Right off the bat – do not, I repeat, do not rely on diskettes for backups.

Over the years QW Support has had to rescue countless users who backed up on diskettes but then found them unusable when the need came to do a restore. (It was actually one of the most interesting parts of the job.)

Here is why:

Under Windows, a program writing to a diskette has absolutely no way of verifying that the data it asked to be written is in fact on the diskette and readable. The “write verify” option that DOS programs relied on before Windows is totally unreliable – and here is an example: I’ve copied a file to a diskette and then taken the diskette to another machine and tried to copy it from the diskette – and I get a read error on the diskette. In fact, I get a read error no matter what machine I try the diskette in. I go back to the original machine and do the copy again; no problem reported. If I immediately use the command-line command COMP to compare the original file to the copy on the diskette it reports the files are identical – BUT – the diskette light never comes on during the compare. This tells me that COMP is being fooled by Windows who has cached a copy of the original file in memory during the copy, and COMP is being fed the cached copy to compare to – not the copy on the diskette. If I pop the diskette out and then back in and do the COMP again I get a read error because there is in fact a bad sector on the diskette, and popping the diskette out caused Windows to discard the cached copy and actually do a proper read of the diskette to perform the compare.
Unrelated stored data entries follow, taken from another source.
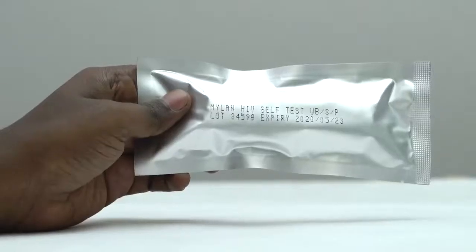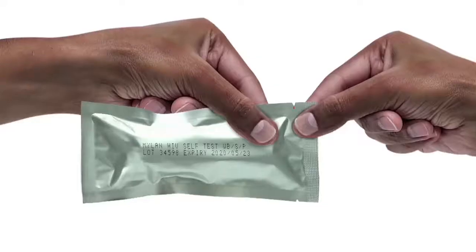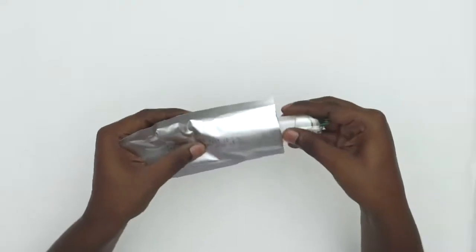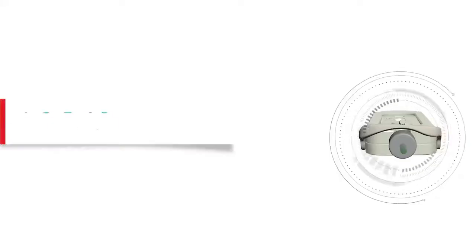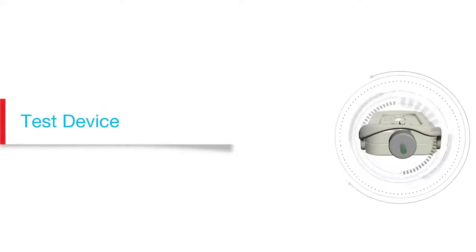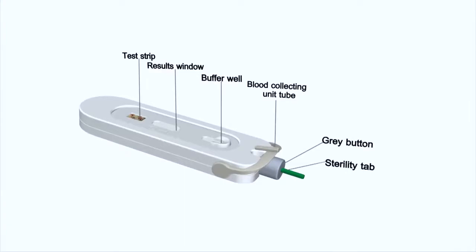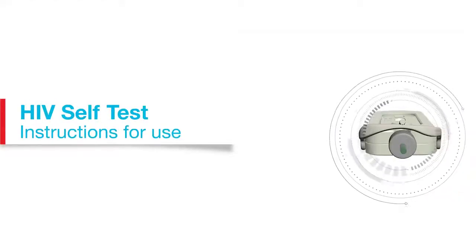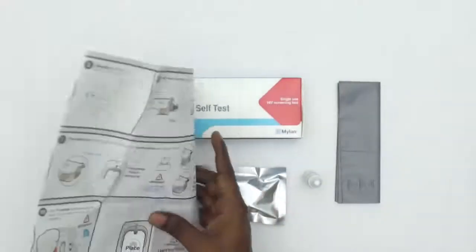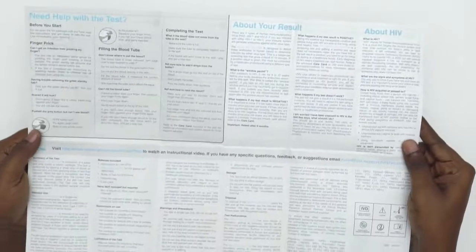Before you open the foil pouch, check the expiration date to make sure it is still current. Open the foil pouch using the tear notch and take out the test. Don't use the test if the foil pouch is damaged. Mylan HIV self-test is an internationally acclaimed device known for its innovative design, performance and ease of use. Before you start the test, unfold the instructions and read them carefully to get familiar with the testing process.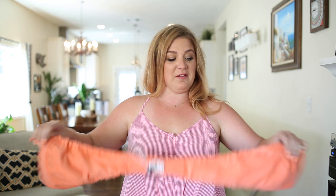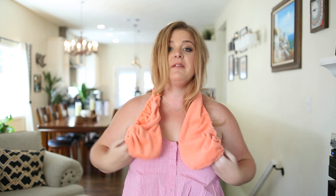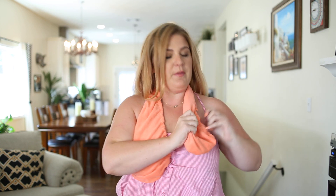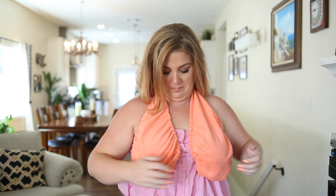This is the Tata Towel and this is how it works. You just put it around your neck, you hook it under each boob, obviously without clothes on, and there you go. Keeps you high, keeps you dry.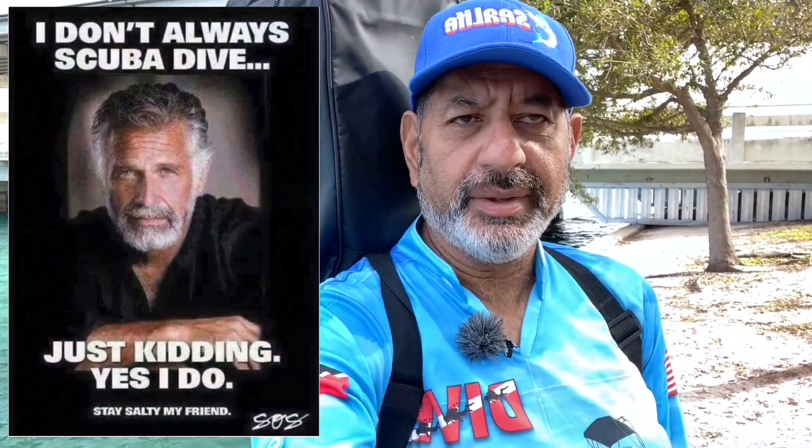People always say, Ron, do you always scuba dive? My answer to that this morning is going to be no. Sometimes I free dive. As corny as it may be, that's what this morning is all about.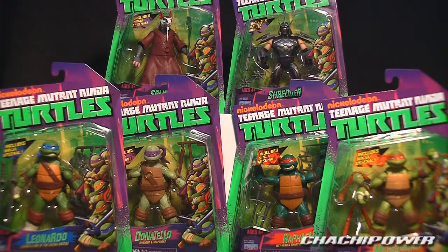What's up guys, it's ChachiPower here to do a review of the Nickelodeon Teenage Mutant Ninja Turtles figures by Playmates. These guys are out — I don't know if they're officially out. I had a little bit of an issue trying to get these at Toys R Us; the cashier seemed to think they're not out yet, but whatever, I paid for them and ran out of there.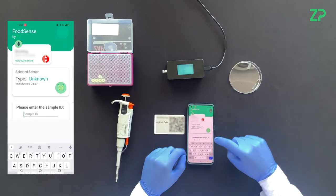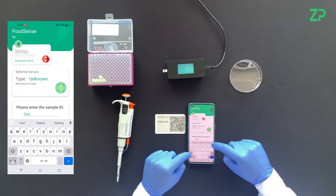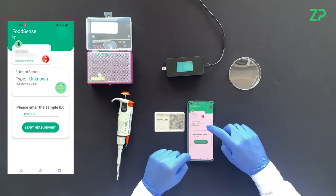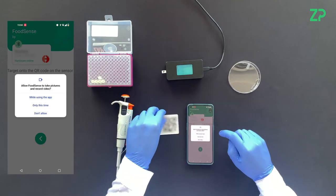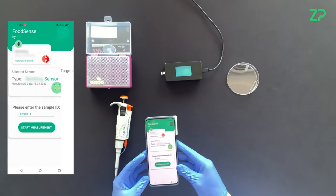A Test ID is then entered to give each test a unique identifier. To gather calibration data, a QR code is scanned for each test.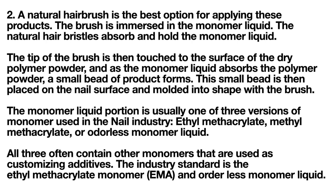This small bead is then placed on the nail surface and molded into shape with the brush. The monomer liquid is usually one of three versions used in the nail industry: ethyl methacrylate, methyl methacrylate, or odorless monomer liquid. All three often contain other monomers used as customizing additives. The industry standard is ethyl methacrylate (EMA) and odorless monomer liquid.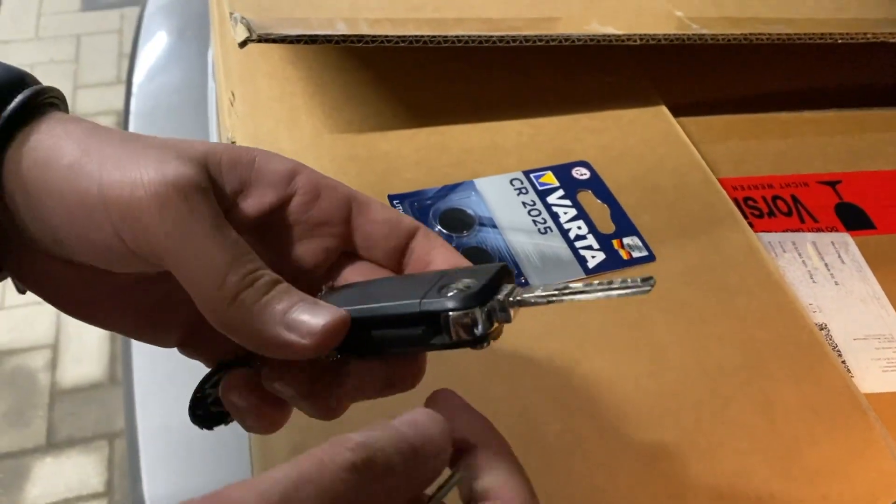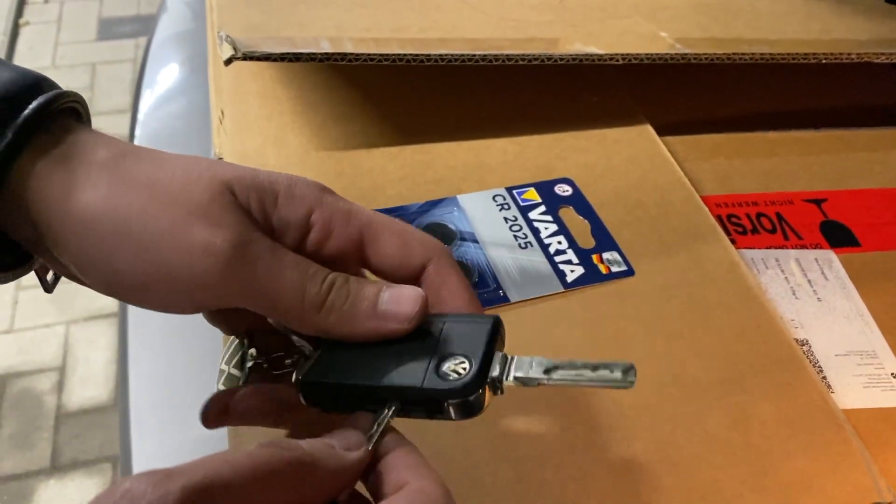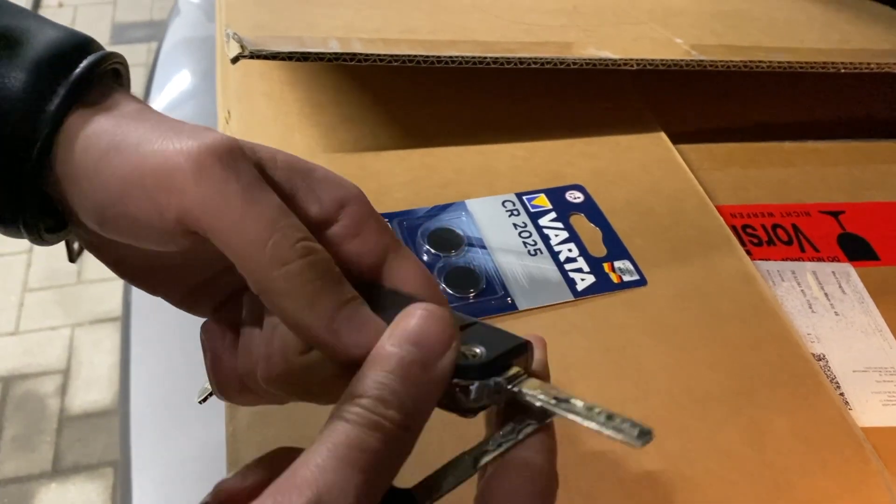What's going on guys, today I'm going to show you how to replace the battery of your Volkswagen key. First, open the key fob using a key or a knife.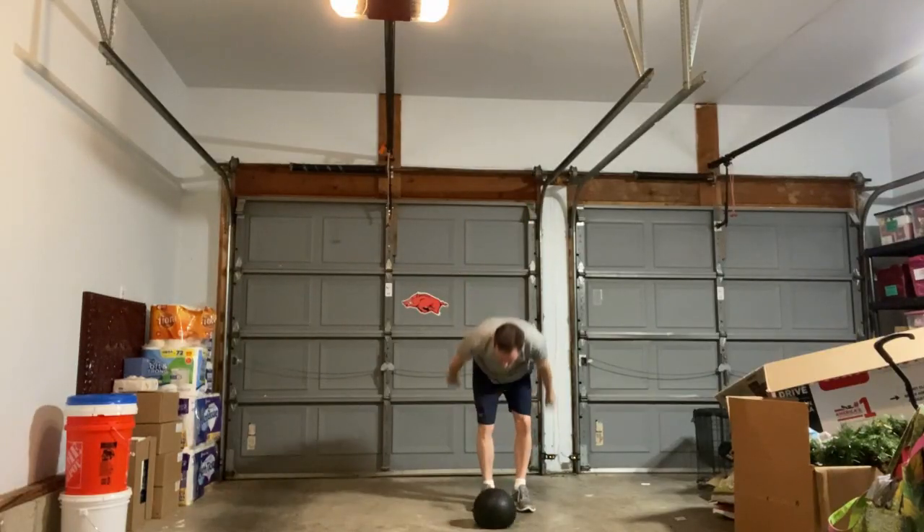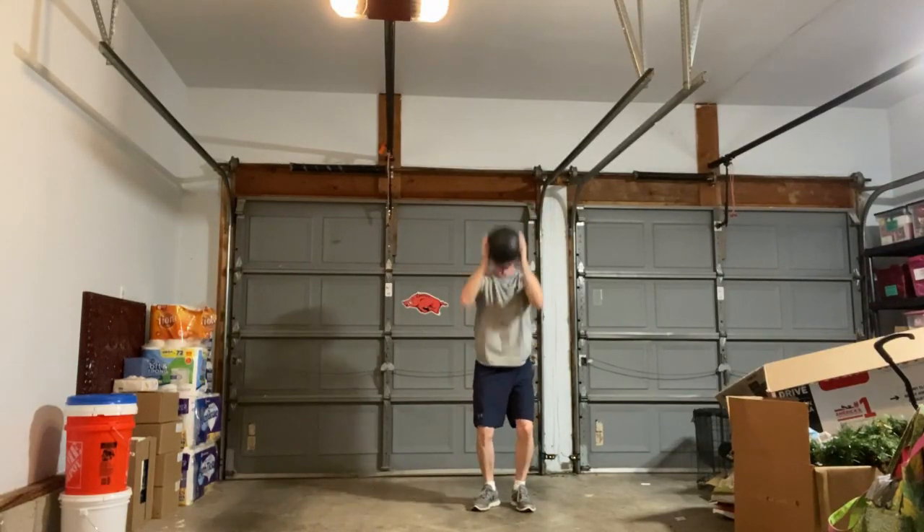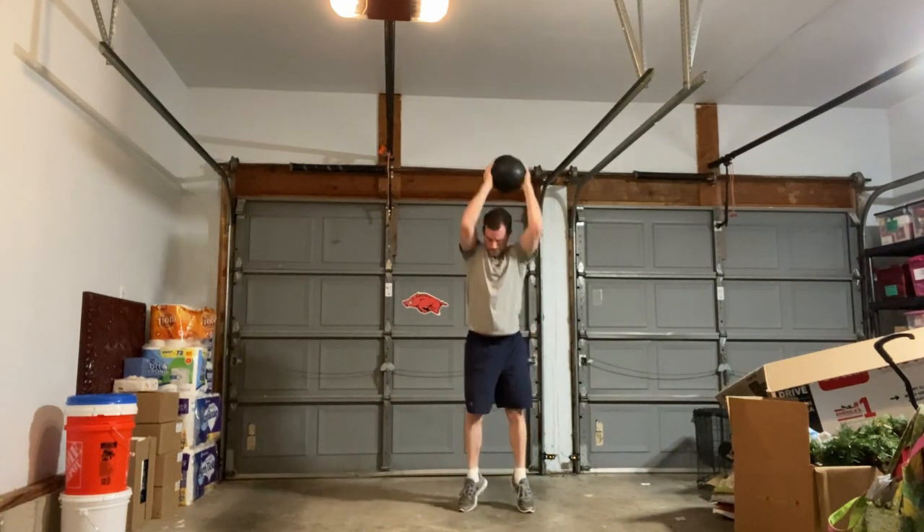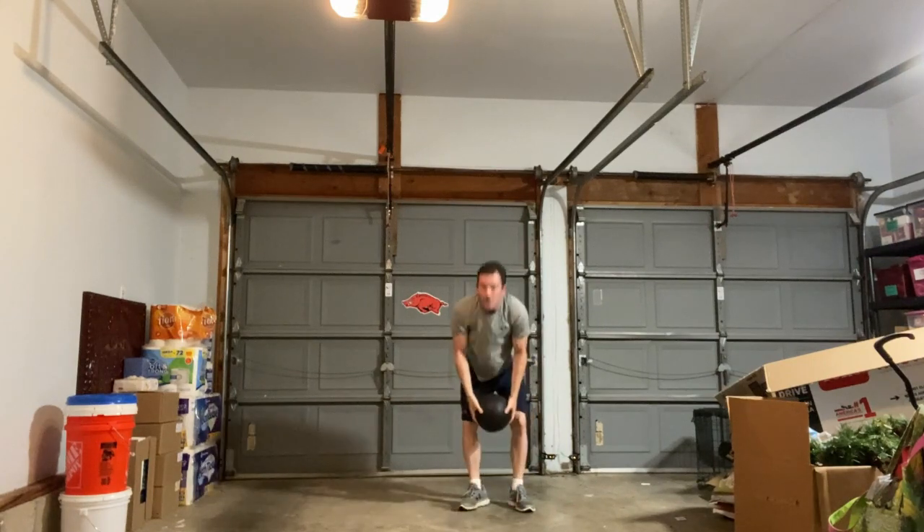You've seen in prior videos that I also like to throw around the slam ball. Slam ball is a great way to get cardio, so I still mess with my slam ball. I need to do a review on that slam ball — I've never really done a full review, so I need to do that.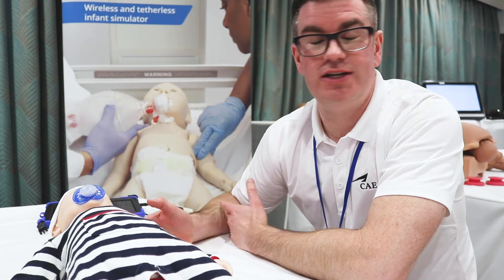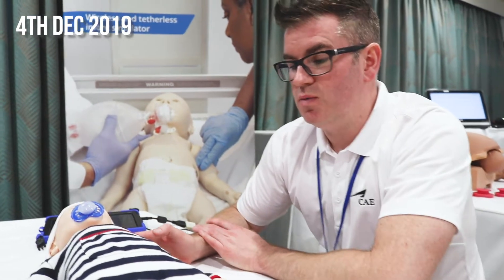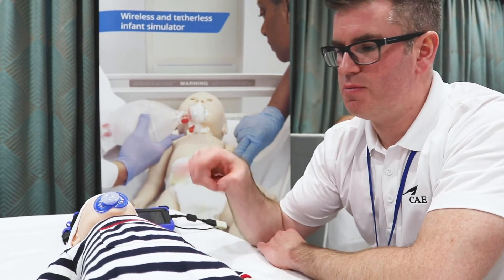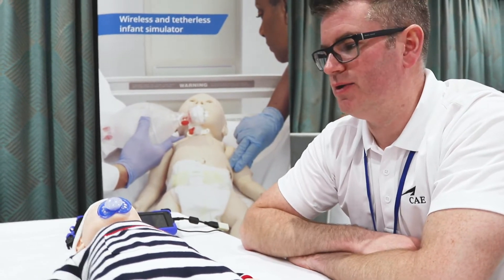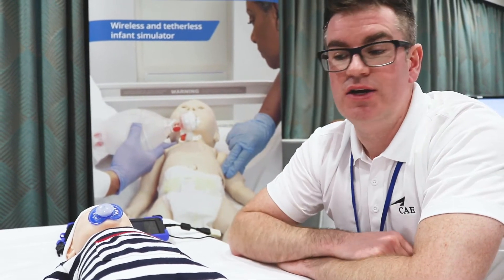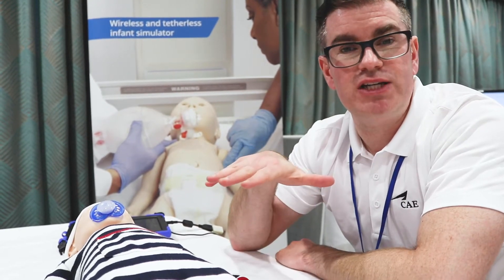CAE Luna has literally launched today in the UK. She is a 1 to 28 day baby, completely wireless, and she is going to come in three forms: a base model, a lower cost model, a middle range model, and an advanced model.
That was long-winded – but it’s really important stuff.

The bottom line is this: DO NOT TRUST DISKETTES FOR BACKUPS. At QW, we became pretty good at predicting that with each additional diskette in a backup set the chances of being able to succesfully restore from those disks went down by 10%. So, if you backup took 10 diskettes, our prediction would be that your chance of restoring from them is zero – and we were usually right.

Another example: I recently bought a 1 Gb USB drive to replace my trusty old 256 Mb one. Guess what? I got stung twice by copying data to the drive and going to a client’s office and finding the data on the drive was corrupted. I returned the drive and got a replacement and it works fine. Correction: (and important distinction) It has not failed YET.

So, what do you trust your backups to? The answer is nothing – you can’t trust any media to be readable when disaster strikes. All you can do is use multiple backup methods/media (CD, USB drive, tape, etc.) to make sure you are covered. So, backup onto USB drives (plural) – they are cheap and pretty reliable. Also, do backups on CD. Backup to another machine in the office. Mix and match these methods and you reduce your chances of disaster to near zero.



Now, with that diatribe over I’ll address your reply above. If you stop using diskettes for backup and move to a method with ‘modern’ speed and capacities, it won’t matter how big your books get, and the need to start fresh books every year is gone.